On the other hand, I will probably never forget this year, but not because of its enjoyability!

Last year was the year of the plague of slugs, this year has seen an unparalleled drought coupled with a massive invasion of burrowing and gnawing rodents that truly decimated my entire garden.

Moreover, since mid April, all I have been able to do is water, water, water! This will sound pretty unbelievable when I tell you that since mid April, here in my bit of paradise, we have had less than a dozen days of any kind of rain at all.

I am pretty fortunate in having a large lake next to my house from which I am able to draw water to keep the garden going.

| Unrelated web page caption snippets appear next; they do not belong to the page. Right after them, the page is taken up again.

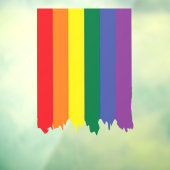 LGBT Rainbow Prip Dripping Paint Fensteraufkleber (Blatt 3)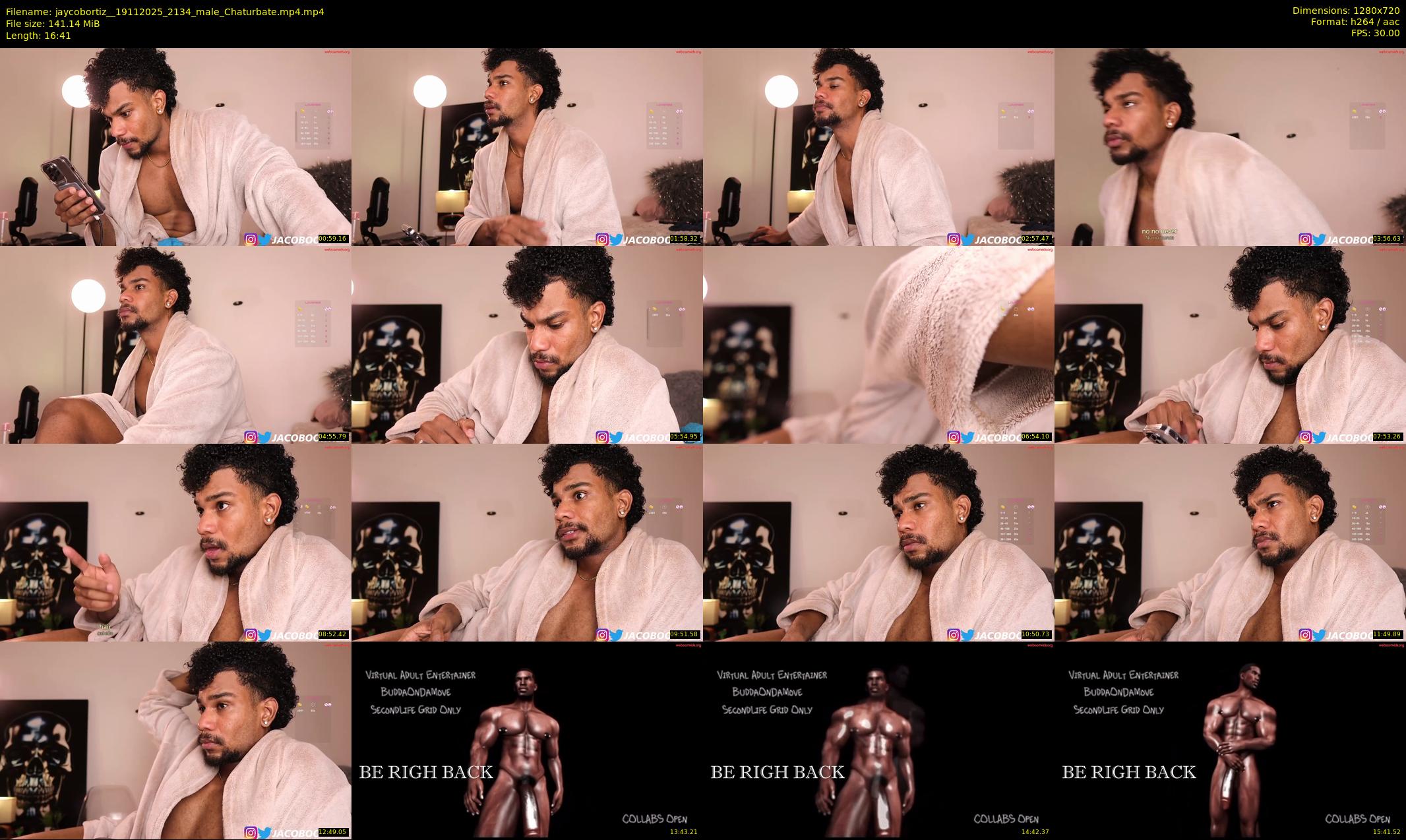 jaycobortiz_ — 17 minute Chaturbate male cam show recording, 720p, Nov 19, 2025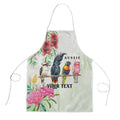 Australian Native Bird Apron Kookaburra Cockatoo Rainbow Lorikeet Galah Flowers - Aussie Hoodie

Unfortunately, I am not the owner of this piece of land and the pump being used to draw the water up into my garden is owned and also used by the landlord and for whatever reason he always manages to find some way to sabotage my gardening efforts.

My first crop of salad plants and early flowers, such as Aquilegia, daffodils, tulips and my ever faithful forget me nots were great, but then came the great drying up and on my greedy, sandy soil I was left with real issues keeping everything moist and life-supporting.

Then the little holes in the garden began appearing. At first I thought it was moles and knowing that these fellows are generally harmless, I didn’t pay all that much attention to them. Later, when I gradually noticed that my potatoes were not developing properly, and other crops, too, I decided to investigate further and discovered that these animals – I assume they are voles – had been busy developing a little underground settlement all over my garden and were absolutely loving and enjoying my entire crop.

At first viewing – upon digging into the soil just below the surface – my potatoes looked to be doing fine. There were healthy tubers visible and the upper plant looked fine, but then over time, the progress that I was expecting just didn’t seem to be happening.

Later examination of the situation revealed that these animals had been gnawing away at not just the entire root system of the potatoes, but also the tubers themselves. About thirty to forty percent of all the tubers were being slowly eaten by these little animals.

Of course, it has been a hard year for them too. I have read somewhere that normally, their preferred diet is the succulent roots of the grass plant, but this year all of our lawns suffered dreadfully from the lack of rain. Consequently, my nicely prepared fresh new growth was a veritable smorgasbord for the little devils.

By the time I finally realised the severity of the problem at hand, the damage had already been done. A whole potato crop decimated, my beans all dying after their roots were decapitated at the surface, the same thing happened to my peas. Interestingly enough, my onions were the only crop to have any kind of success this year. Maybe the strong taste put them off, but at least I enjoyed an early crop of Alliums, if nothing else.

Later in the season, it was devastating and bordering on ridiculous to observe how overnight, my carrots were being devoured from below. One minute the lovely fresh growth was standing proud, the next, they were being eaten away from beneath the soil. First the root was munched away, and then the top growth was pulled down into the hole left by the missing root and then there was nothing. An utter disaster.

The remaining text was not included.